Gold-standard annotations
Linguistic labels produced by trained human annotators using their intuition and a specific set of guidelines.
Cohen's Kappa (κ)
A chance-corrected measure of Inter-Annotator Agreement (IAA) that accounts for the probability of annotators agreeing by accident.
Word Embeddings
Numerical vector representations of words in a multidimensional space where semantically similar words are positioned closer together.
Cosine Similarity
A measure of similarity between two vectors based on the cosine of the angle between them, ranging from −1 to 1.
Word2Vec
A method using neural networks to predict word embeddings, featuring two context representations: CBOW and Skip-Gram.
FastText
A modified version of Word2Vec that incorporates character n-grams to better represent rare words and spelling errors.
Supervised Learning
A type of machine learning where the model is trained using annotated data containing both inputs and correct labels.
Overfitting
A phenomenon where a model learns training data too well but fails to generalize to new, unseen data.
Cross-validation
A technique to assess the model by splitting data into k folds, repeatedly using each fold for evaluation and the others for training.
K-means
An unsupervised technique that partitions data into clusters by minimizing the distance between data points and a cluster center (centroid).
Precision
The ratio between elements correctly predicted by a system and the total number of predicted elements.
Recall
The ratio between elements correctly predicted by a system and the actual total of correct elements in the data.
Perceptron
The simplest type of artificial neural network model, consisting of only one neuron.
Transformer
A neural network architecture designed for sequential data that uses self-attention to capture context by considering all elements of a sequence simultaneously.
Encoder-Decoder
A Transformer architecture where the first part processes input into contextual representations and the second part generates output tokens.
BERT (Bidirectional Encoder Representations from Transformers)
A 2018 transformer-based model optimized for understanding and classification using only the encoder part and Masked Language Modeling.

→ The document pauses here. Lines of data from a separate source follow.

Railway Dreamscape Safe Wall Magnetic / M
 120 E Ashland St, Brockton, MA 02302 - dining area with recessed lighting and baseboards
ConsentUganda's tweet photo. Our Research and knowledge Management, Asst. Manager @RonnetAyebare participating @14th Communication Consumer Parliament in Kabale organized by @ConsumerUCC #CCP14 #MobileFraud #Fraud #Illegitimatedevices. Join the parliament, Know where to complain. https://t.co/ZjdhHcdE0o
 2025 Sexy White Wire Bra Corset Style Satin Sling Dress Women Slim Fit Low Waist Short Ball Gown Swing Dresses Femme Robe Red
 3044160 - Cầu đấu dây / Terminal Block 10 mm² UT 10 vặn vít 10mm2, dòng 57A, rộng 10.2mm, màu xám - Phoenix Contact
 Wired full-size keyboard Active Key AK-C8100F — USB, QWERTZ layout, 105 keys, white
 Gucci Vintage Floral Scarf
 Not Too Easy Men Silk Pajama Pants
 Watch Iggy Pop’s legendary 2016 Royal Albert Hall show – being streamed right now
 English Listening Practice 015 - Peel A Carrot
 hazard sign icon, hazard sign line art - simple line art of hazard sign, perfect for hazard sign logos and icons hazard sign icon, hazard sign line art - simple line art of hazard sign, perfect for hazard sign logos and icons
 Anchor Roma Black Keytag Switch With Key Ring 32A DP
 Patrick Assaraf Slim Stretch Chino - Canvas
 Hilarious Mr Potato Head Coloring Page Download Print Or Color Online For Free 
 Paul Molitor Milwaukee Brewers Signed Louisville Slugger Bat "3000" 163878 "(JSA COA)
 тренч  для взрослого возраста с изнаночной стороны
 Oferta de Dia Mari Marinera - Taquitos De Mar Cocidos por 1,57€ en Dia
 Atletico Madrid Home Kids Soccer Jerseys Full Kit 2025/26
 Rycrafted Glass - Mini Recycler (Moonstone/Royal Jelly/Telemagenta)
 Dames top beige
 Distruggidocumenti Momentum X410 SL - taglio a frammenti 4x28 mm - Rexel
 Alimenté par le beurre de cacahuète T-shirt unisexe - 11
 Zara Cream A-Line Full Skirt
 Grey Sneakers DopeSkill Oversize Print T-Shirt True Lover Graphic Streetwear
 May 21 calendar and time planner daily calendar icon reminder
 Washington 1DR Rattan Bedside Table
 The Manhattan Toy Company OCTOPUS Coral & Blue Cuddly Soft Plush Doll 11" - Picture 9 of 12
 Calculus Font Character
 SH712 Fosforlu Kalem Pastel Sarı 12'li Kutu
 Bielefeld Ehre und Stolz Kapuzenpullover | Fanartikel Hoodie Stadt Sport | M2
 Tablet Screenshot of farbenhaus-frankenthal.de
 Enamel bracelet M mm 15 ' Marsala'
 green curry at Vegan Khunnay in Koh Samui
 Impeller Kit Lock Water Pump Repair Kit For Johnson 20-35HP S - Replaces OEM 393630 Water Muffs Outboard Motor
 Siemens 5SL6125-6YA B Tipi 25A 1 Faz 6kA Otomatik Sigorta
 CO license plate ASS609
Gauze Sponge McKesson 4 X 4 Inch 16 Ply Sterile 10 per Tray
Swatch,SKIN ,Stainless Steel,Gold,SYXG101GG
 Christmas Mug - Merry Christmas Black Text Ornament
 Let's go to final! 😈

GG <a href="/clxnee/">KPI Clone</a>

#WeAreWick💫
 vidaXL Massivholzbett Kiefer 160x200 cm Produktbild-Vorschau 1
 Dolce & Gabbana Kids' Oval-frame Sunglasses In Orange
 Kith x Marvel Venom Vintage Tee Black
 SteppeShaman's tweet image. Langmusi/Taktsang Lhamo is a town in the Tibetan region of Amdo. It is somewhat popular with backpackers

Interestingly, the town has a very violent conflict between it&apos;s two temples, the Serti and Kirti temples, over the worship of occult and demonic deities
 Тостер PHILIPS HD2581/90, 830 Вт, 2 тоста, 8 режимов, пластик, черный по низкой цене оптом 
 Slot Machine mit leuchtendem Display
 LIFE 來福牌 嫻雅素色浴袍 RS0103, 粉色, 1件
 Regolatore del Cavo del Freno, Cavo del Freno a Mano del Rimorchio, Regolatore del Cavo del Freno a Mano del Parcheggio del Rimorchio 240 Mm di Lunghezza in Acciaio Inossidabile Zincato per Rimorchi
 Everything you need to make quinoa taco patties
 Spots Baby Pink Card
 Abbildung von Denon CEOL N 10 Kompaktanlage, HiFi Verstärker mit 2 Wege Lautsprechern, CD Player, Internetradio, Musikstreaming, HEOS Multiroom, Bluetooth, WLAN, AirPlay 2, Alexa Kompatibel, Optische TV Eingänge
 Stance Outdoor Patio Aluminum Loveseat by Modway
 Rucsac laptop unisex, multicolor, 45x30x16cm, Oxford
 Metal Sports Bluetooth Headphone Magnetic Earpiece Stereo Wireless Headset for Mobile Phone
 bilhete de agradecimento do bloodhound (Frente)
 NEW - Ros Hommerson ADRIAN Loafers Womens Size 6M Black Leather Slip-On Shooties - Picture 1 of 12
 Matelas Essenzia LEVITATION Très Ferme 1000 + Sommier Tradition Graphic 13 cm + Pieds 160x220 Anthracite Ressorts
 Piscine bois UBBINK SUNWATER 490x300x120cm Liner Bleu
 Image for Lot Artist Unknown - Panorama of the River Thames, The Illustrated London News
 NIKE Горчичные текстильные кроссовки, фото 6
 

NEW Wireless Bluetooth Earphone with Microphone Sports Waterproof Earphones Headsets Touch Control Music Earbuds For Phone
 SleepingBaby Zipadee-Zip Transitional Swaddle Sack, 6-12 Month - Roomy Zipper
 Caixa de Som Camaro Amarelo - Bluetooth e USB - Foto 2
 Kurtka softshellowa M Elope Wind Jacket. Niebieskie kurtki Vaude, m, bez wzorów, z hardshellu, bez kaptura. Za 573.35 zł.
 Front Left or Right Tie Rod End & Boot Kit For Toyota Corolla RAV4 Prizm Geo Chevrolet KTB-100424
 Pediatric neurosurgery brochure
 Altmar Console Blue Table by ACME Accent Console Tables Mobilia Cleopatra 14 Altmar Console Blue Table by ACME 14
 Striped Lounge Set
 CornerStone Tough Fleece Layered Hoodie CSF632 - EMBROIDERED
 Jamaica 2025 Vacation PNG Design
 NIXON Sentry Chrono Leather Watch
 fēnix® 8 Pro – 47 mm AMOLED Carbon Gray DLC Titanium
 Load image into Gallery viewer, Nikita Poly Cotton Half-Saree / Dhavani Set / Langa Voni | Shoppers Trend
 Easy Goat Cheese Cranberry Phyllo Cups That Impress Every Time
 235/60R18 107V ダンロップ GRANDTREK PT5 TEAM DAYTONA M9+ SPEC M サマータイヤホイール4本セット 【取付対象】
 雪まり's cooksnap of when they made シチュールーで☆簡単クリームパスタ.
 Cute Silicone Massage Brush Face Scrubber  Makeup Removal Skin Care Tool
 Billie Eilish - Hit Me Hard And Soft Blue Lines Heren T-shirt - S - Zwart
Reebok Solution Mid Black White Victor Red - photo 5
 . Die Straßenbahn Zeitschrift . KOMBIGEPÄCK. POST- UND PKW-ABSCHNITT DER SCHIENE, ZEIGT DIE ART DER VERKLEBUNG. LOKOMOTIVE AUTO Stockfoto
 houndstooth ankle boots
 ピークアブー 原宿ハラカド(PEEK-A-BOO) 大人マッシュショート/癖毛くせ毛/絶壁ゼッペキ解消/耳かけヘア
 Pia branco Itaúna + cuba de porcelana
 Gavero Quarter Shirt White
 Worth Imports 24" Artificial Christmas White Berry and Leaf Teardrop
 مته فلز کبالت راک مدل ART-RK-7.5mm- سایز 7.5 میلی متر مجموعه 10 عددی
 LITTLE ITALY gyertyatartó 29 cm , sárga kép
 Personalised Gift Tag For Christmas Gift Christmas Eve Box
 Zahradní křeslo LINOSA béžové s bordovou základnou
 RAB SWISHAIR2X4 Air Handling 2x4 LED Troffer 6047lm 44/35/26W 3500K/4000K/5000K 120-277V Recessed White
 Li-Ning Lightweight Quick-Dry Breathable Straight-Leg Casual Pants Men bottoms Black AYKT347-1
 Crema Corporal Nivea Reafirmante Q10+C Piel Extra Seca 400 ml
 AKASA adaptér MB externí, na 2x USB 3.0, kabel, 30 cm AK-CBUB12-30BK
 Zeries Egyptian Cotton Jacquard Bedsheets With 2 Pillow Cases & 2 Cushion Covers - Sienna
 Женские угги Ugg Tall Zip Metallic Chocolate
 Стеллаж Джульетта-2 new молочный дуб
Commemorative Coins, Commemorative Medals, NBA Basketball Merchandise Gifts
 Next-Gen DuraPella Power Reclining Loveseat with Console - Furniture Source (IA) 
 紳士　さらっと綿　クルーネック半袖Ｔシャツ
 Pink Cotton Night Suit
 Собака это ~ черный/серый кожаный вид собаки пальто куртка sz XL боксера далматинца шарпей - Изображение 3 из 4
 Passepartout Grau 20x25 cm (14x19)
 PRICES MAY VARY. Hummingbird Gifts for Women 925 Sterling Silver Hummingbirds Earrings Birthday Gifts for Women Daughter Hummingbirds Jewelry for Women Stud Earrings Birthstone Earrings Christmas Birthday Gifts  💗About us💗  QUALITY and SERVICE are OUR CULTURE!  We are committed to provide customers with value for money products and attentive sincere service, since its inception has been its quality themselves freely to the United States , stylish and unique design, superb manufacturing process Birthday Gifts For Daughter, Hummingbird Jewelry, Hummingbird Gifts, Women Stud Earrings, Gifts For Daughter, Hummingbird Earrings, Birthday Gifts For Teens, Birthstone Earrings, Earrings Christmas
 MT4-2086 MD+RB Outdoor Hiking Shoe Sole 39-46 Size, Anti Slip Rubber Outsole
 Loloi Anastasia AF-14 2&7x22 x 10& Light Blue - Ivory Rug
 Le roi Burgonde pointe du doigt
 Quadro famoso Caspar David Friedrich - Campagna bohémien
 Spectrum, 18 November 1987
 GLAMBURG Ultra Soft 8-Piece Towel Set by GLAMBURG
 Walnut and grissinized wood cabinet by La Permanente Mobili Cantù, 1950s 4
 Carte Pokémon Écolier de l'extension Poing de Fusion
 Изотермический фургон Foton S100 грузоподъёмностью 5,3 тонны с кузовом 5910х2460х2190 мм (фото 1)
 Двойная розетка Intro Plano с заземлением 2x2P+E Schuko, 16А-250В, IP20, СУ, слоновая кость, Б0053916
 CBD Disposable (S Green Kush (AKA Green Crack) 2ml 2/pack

RAG (Retrieval-Augmented Generation)
An expert-level LLM architecture that retrieves relevant documents from an external knowledge base to augment the prompt before generation.
Zero-shot Prompting
A prompt that provides no examples or demonstrations, asking the model to perform a task based solely on the instruction.
Few-shot Prompting
A paradigm that allows language models to learn tasks by providing a few examples of demonstrations within the prompt.
Chain-of-Thought (CoT)
A prompting method where the model is asked to explain its reasoning step-by-step to improve performance on complex tasks.
Hallucination
A limitation of LLMs where the output contains fake, illogical, or made-up information presented as fact.
Stemming
A pre-processing task that truncates words by removing affixes to reduce morphological variability.
ALPAC Report (1966)
An influential report that claimed Machine Translation had no immediate utility, was too slow, and cost double that of human translation.
BLEU (BiLingual Evaluation Understudy)
An automatic MT metric that compares n-grams of the machine output to human reference translations.
Named Entity Recognition (NER)
A classification task aimed at identifying and categorizing mentions of specific entities, such as proper names, in a text.
Stance Detection
The task of identifying a person's standpoint (favor, against, or neither) toward a specific proposition or idea.
Sentiment Shifters
Expressions, such as negations, that change the prior polarity of a word (e.g., 'not good').
Universal Dependencies (UD)
An international initiative for creating syntactically annotated treebanks for many languages based on a universal core of tags and relations.
UDPipe
A trainable pipeline used for tasks including sentence splitting, tokenization, POS tagging, lemmatization, and dependency parsing.